A  apatia sexual pode assumir várias formas diferentes, e ocorre quando a pessoa não se sente próxima ou íntima do seu par. Esta disfunção é mais comum do que pode pensar, sendo também designada de aversão sexual, desejo sexual inibido ou hipo activo. Há pessoas que sofrem desta disfunção que nunca tiveram qualquer desejo sexual, enquanto que há outras que tiveram desejo sexual no passado, mas que o perderam. Há pessoas que não sentem desejo pelo parceiro, enquanto outras não sentem desejo sexual de todo. Por vezes aquilo que as pessoas consideram ser apatia sexual traduz-se por diferentes libidos entre os dois parceiros.  O interesse e a expressão sexual é muito variável de pessoa para pessoa.
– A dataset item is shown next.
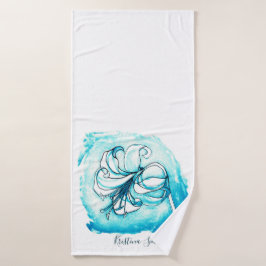 Toalha De Banho Lily Art White e Teto Flor Floral Modelo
Embora seja considerada uma disfunção e incomode algumas pessoas, há outras que convivem perfeitamente bem com o seu baixo desejo sexual. Sofrer de insónias, depressão
e stress pode contribuir para a apatia sexual, assim como certos medicamentos e doenças, as mudanças hormonais ou até mesmo ter tido uma educação severa e repressiva. Se desconfia que sofre de apatia sexual, em primeiro lugar é preciso saber se isso sempre lhe aconteceu ou se o passou a sentir com o seu marido, pois pode ser uma questão de diferenças entre as vossas libidos. Procure perceber o que fez com que fosse perdendo o apetite a este nível, e saiba que existem exercícios que a ajudam a recuperar o desejo. A comunicação sincera com o parceiro é sempre o ponto de partida essencial, mas pode ser necessário pedir a ajuda de um terapeuta. Reserve tempo exclusivamente para a intimidade, aprenda a dominar o stress e a ansiedade. A variedade também é uma boa forma de recuperar o interesse pois muitas vezes a rotina e a previsibilidade desgastam a relação. Mudar de posição ou fazer amor em locais diferentes pode ser um truque simples para melhorar a vida sexual. Acima de tudo, estar decidida a pedir ajuda para resolver este problema e a comunicação
com o seu par são os factores essenciais para o ultrapassar.